Paints and paintpots.  Bare Study, Painterly, Moss Scape, Greenstroke, Delft, Rubenesque, Fresco Rose, Cash Flow, Blackground, Soft Ochre.  Graphito and a brown paint.






Mascara






Bobbi Brown gel liners






Non-Mac pencils (mainly Chanel).






Mac pencils






MSF's






Bobbi Brown and Guerlain blush






Lancome Juicy Tubes and BB gloss






More gloss






My BBU and Dermacolour palettes






Reflects Gold and Reflects Pearl, various pigments and glitters, BB gold shimmer brick






Dior and Chanel foundations






Face Atelier foundation (I love this stuff!)






My lip palette (mainly Mac and Chanel lippies)






Lipglass: 






Pro longwear






Chanel Aqualumiere glosses






Chanel Glossimers






Mac Lipgelee:  Saplicious, Amber Rusee and Jellybabe






Chanel shadows (depotted in a Mac palette)






BB shimmering nudes and stonewashed nudes palette and a homemade BB palette






More Mac






Studio Tech, Full Coverage and powder






More foundation and concealers






All of it!






and brushes


----------



## kittykit (Oct 17, 2008)

Wow!! 
	

	
	
		
		

		
		
	


	




 I can dream on to have that many cosmetics.


----------



## TamiChoi (Oct 17, 2008)

wow, love it! esp Chanel cosmetics!


----------



## aleksis210 (Oct 17, 2008)

I love your kit! (I'm a huge neutrals fan) I was wondering if you could tell me...do you like the BB Shimmering nudes or stonewashed nudes palette better! TIA!


----------



## Caracoco (Oct 18, 2008)

Quote:

   Originally Posted by *aleksis210* 

 
_I love your kit! (I'm a huge neutrals fan) I was wondering if you could tell me...do you like the BB Shimmering nudes or stonewashed nudes palette better! TIA!_

 
I like the shimmering nudes better I think, just because it has the metallic shadows in.

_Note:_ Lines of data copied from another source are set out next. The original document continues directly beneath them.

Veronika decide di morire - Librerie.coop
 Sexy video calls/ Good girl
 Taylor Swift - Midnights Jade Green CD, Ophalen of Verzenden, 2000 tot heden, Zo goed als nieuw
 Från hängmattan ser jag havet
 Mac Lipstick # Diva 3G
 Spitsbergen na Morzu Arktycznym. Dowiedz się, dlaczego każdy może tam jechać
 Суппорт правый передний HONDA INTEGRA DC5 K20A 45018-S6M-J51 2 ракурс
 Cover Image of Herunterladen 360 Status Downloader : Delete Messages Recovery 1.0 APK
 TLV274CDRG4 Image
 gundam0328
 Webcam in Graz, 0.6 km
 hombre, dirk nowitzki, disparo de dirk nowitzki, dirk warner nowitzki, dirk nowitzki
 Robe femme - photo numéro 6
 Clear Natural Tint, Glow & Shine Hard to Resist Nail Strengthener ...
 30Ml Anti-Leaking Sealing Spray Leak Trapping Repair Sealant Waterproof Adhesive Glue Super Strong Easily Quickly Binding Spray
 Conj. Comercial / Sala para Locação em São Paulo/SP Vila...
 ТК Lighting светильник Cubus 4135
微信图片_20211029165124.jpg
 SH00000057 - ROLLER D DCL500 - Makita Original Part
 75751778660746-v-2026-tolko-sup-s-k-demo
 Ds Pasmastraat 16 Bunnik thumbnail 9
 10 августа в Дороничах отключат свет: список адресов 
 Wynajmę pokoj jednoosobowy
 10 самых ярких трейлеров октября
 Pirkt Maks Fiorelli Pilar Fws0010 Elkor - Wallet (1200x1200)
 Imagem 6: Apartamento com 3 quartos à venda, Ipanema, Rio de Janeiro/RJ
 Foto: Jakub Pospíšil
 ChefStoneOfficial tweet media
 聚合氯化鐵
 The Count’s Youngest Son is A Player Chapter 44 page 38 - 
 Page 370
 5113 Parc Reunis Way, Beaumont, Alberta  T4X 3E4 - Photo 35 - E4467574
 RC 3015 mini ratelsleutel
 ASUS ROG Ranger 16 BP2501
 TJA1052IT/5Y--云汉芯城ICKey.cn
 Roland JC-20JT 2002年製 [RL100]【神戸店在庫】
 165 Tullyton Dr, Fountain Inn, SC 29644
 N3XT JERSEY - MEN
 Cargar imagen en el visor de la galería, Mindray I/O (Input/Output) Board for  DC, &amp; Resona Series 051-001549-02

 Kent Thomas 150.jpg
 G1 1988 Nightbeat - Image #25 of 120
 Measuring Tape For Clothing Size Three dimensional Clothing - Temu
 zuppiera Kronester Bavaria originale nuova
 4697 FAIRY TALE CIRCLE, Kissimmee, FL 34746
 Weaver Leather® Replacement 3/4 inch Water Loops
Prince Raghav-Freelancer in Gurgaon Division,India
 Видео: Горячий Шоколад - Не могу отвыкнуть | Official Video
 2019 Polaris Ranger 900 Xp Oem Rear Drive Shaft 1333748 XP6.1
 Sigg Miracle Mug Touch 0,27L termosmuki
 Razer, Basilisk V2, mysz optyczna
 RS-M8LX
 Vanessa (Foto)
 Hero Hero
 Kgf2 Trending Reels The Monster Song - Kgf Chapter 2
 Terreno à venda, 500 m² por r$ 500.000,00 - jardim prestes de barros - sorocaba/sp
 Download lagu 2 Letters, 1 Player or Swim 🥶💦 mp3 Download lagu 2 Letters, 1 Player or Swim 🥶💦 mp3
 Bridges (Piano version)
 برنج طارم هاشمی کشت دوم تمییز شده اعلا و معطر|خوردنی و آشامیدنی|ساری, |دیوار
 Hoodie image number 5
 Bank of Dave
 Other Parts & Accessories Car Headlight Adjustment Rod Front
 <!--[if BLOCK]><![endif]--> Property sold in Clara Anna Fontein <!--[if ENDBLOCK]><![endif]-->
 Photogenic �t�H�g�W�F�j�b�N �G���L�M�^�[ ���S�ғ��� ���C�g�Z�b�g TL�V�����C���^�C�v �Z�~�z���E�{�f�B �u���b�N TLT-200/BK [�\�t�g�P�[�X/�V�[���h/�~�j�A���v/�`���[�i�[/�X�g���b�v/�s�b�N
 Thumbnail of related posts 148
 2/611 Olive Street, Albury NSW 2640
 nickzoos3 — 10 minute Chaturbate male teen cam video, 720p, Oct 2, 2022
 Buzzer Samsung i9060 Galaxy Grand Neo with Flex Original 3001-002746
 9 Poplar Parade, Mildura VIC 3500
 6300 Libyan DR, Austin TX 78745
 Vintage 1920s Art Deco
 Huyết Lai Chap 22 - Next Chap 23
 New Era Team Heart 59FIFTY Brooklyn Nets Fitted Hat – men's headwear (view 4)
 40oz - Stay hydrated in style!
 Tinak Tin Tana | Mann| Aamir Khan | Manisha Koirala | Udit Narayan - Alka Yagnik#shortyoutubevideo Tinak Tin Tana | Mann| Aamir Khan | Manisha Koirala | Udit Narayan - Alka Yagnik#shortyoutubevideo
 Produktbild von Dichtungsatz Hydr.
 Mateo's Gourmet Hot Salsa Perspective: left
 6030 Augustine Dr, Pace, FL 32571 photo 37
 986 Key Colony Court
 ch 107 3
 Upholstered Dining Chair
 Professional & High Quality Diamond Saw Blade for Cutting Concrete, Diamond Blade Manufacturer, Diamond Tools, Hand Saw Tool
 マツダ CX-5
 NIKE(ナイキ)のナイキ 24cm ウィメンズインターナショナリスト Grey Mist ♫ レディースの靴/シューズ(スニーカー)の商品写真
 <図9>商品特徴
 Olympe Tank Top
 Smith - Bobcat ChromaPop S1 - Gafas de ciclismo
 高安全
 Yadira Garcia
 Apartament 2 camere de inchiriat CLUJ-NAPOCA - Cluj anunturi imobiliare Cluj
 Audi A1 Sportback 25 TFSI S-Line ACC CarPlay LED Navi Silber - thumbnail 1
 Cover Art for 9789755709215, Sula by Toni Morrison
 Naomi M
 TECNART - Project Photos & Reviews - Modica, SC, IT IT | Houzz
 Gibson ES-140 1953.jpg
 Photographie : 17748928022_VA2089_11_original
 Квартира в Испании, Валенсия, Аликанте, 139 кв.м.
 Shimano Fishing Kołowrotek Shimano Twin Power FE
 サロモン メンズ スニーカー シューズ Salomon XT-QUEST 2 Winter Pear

The stonewashed nudes palette is better for doing slightly darker looks.


----------



## vocaltest (Oct 18, 2008)

WOW!
amazing collection.
i noticed you're from the UK... where do you get your face atelier products from? i wanna try some but i don't know where to get it in the UK!


----------



## MACisME (Oct 18, 2008)

wow thats an expensive amazing kit! where is ur actually kit case from?


----------



## jdechant (Oct 18, 2008)

Wow! Great collection and I love the traincase!!


----------



## daffie (Oct 18, 2008)

Amazing collection!!


----------



## rbella (Oct 18, 2008)

Awesome!!  I'm totally in love with your traincase.  Where did you get it if you don't mind my asking?


----------



## Glittereuphoria (Oct 18, 2008)

Your case is amazing!!! I'm so jealous. I love all the glosses. They're my makeup weakness!  You're def my makeup kit hero, lol!


----------



## ZoZo (Oct 18, 2008)

Very great collection!!


----------



## nikic (Oct 18, 2008)

I've died and gone to heaven!


----------



## Caracoco (Oct 19, 2008)

The traincase is this one:  *Professional make-up cases, directors chair, chairman trolley *

It cost me £359 (about $700) but it's worth it just to have all the drawers that slide out. It's VERY heavy though.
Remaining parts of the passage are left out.